The Battle of the Year is an annual international hip-hop/b-boy event held in France with over 20 countries participating. Breakdancing may have started in the U.S., but in this fiction film, the American team has been out of the running for 15 years and the Koreans now dominate. Hip-hop mogul Dante Graham (Alonso) has decided that the situation has to change. He lures Jason Blake (Holloway), his old breakdancing partner, out of a despondent retirement to help him achieve his vision. Blake was a very successful basketball coach until a couple of years back when his wife and son died in a car crash and sent him into a tailspin. Never a dance coach, Graham still figures his old b-boy skills and Blake’s coaching experience will serve them well to take an American breakdancing team to glory.

Instead of working with an established dance crew, Blake convinces Graham that they should create a dream team of American breakdancers. Taking over 20 players to a former youth detention center, he puts them through intense daily workout routines while he whittles the group down to the best of the best. Along the way, he picks up an assistant, Franklyn (Peck), and a female choreographer (Lotz).

Youth dance films are predictable and stereotypical, but that is part of their charm. Crucial to their success is the solid establishment of characters, interactions, and relationships. But perhaps most important is how well the films define the geography of their dance routines (which team and which dancer is doing what, and how that works in concert with the others). In every way this film falls flat.

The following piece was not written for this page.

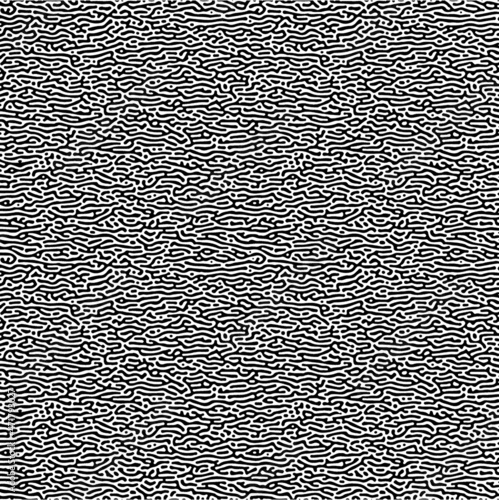 Turing pattern. Reaction-diffusion model. Chemical bases of morphogenesis.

Few characters are well-drawn, rivalries substitute for real group dynamics, and the dancing is chaotic, showy, and confusing. There are numerous melodramatic developments that seem pointless. Blake’s rehabilitation from sad drunk to dynamic coach is particularly one-dimensional. In particular, as mentioned, the dance sequences are a mess, which is the kiss of death for a film in this genre.